Wednesday, February 1, 2017

Living like a Church on a hill


Over the past couple of weeks, I have been laid low by bronchitis – it is something I get on a rare occasion when I have been working hard and then come in contact with someone who has it or has a bad cold. But it has been a period when I have had to stop and listen again to what it is that God might be saying to me on a number of levels. As I read and re-read the introduction to the Sermon on the Mount in Matthew (Matthew 5.1-20) there are a number of things that stand out to me, not the least of which is the call of Christ upon his followers to come and be more than we currently are.

The community and consequently every follower of the Lord Jesus is called to be salt of the earth and light of the world. Salt is meant to be pure. Salt is salt all the way through and does not change its nature. If it does it becomes useless and only good to be thrown away. Salt is a preservative, to keep things in good order and give it constancy. Salt is also to bring out the flavour of the life that is being lived so that it makes the life of the kingdom attractive to those who do not yet belong.

The Church is also meant to be a city on a hill – or in this case, a church on a hill in the city. Light is meant to be seen. It is used to guide people’s way in the darkness. Light is also meant to be a warning for those who can see it. People should be able to compare their life with the life they are seeing in those who are living into the kingdom and see that there is more and that this more is available to them if they would only take it on.

We need to remember why Jesus came: he came for us. He came to deliver God’s people. He did not come to make people nice but to sacrifice to make them holy. Jesus came not to teach us to be tolerant but to train us in how to genuinely love one another through giving and self-sacrifice. He preached a message of repentance and the recognition that God has come to his creation and desires to have a relationship with each and with all of us. He does not come to include us in God’s plan but to deliver us from sin, evil and death.

Jesus came that we would have more than knowledge and enlightenment. He came that we might be illumined by God the Holy Spirit that we would know and love God deeply and learn to seek him in others that we would serve him in them. There are many in the Church who want others to be “included” and to be so on their terms. There is a difficulty in this: to be included means that you are made less and need an upgrade. Inclusion does not make for equality. Only repentance and illumination can do that for those who are called to be within the Church. All of us were called to the community of the Church and some of us were chosen by God and the Church to lead with the community. But it all starts in the same place, the same way and grows from there. We start at the foot of the cross and walk on with Christ, following where he might lead.

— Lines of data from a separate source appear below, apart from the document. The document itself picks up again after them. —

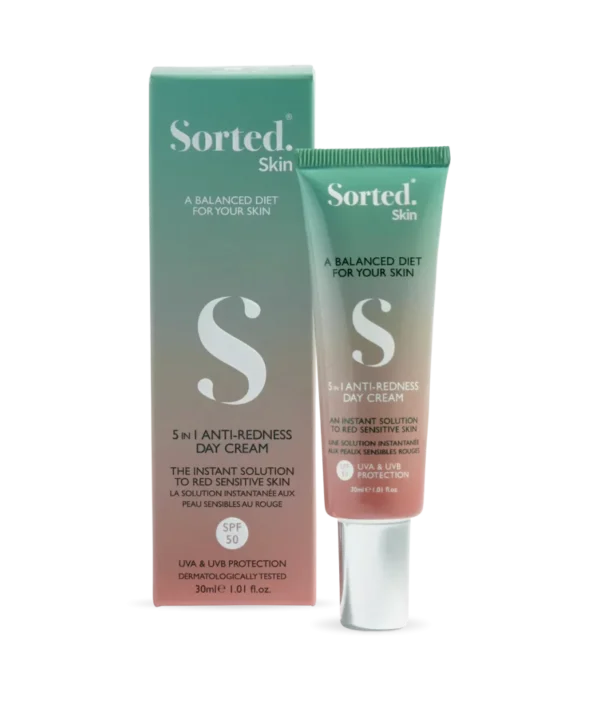 SORTED SKIN 5 IN 1 ANTI-REDNESS DAY CREAM SPF50 – „5 in 1” dieninis kremas raustančiai odai SPF50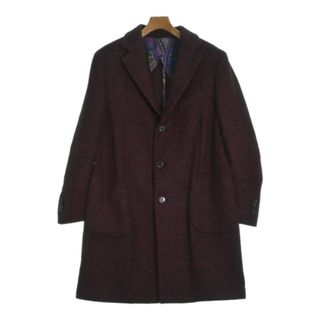 エトロ(ETRO)のETRO エトロ チェスターコート 56(XXL位) 赤x黒(総柄) 【古着】【中古】(チェスターコート)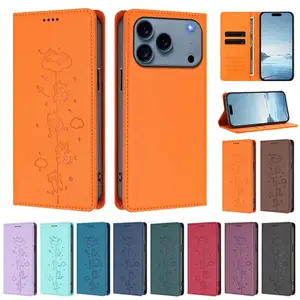 Cute Cat PU Leather Flip Wallet Case For iPhone 17 Pro Max Air 16 Plus 15 14 13 12 Card Slot RFID Protective Phone Cover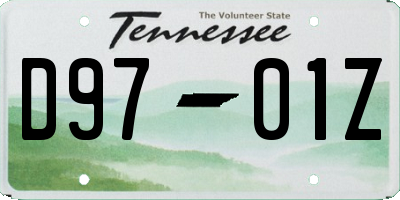 TN license plate D9701Z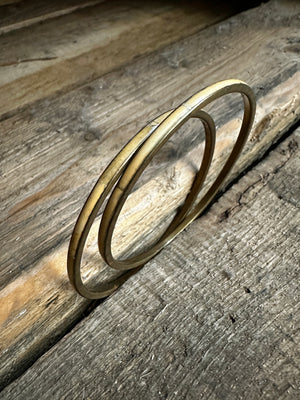 Vintage Brass & Colored Bone Inlay Bangles
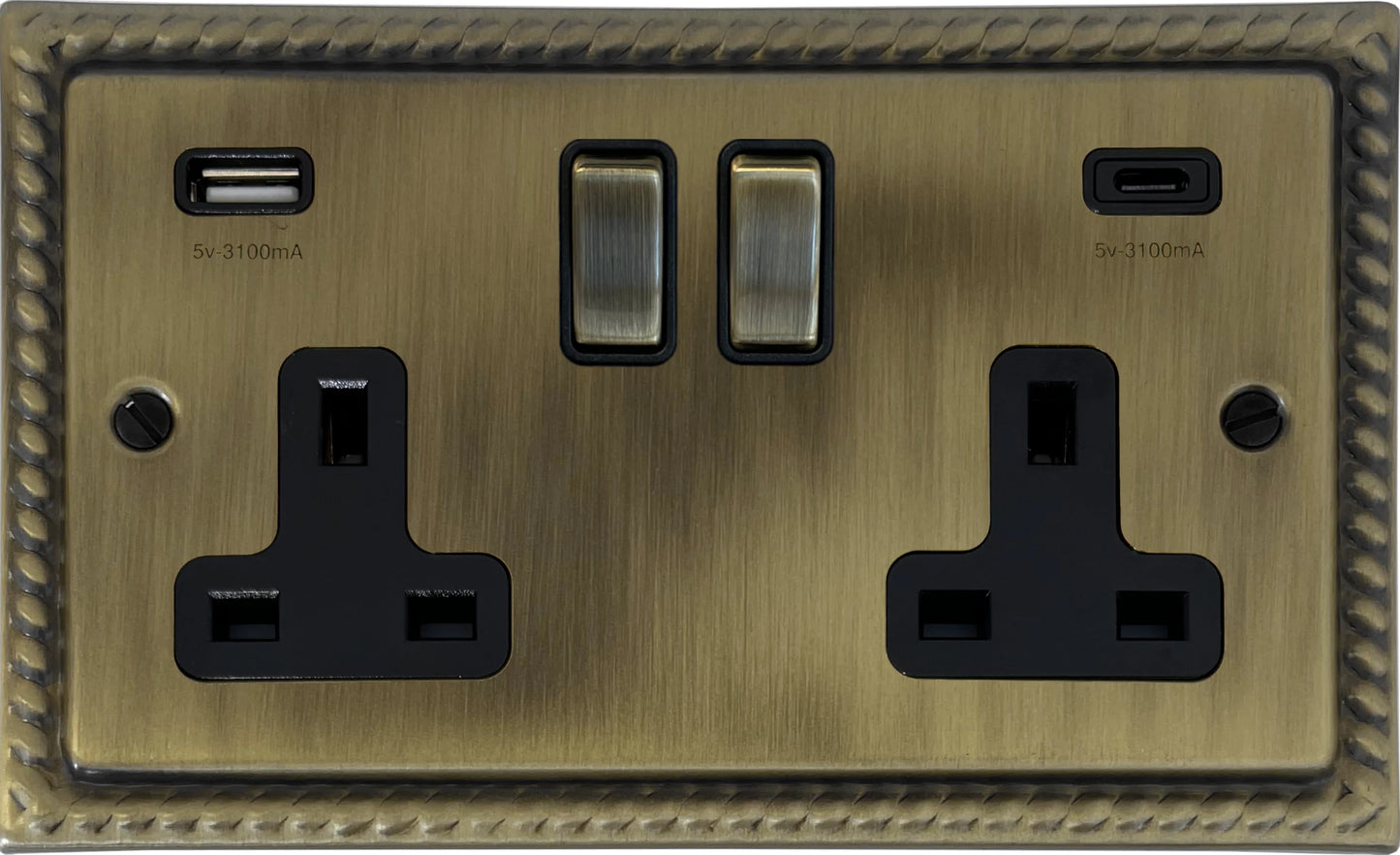Georgian Light Antique Brass 2 Gang USBC Socket (Brass Switches)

Christ calls us to reflect the kingdom and its values of salt and light. We are expected draw the kingdom into this city and our society, not the other way around. The longer the Church waits to begin to live the life it is called to, the more the local Church drifts away from God to accommodate the culture in which it finds itself trying to exist. Drawing in the kingdom means that we live out the life that God calls us to, know that we cannot do it alone – that we are going to need the aid of the Spirit to make this happen. We are not called to build the old Christendom but rather to see the lives of the people in our community transformed and allow the structures to be reshaped and reformed by transformed people.

We are a church on a hill for the whole city to see and yet they do not know our name or what kind of church we are. What can people see in us that would attract people to us? What of the kingdom life do people see and want for themselves? Keep this in mind: I would rather be known for what I am and be alone, then be known for what I am not and be lonely. Follow where Christ may lead for he is calling you.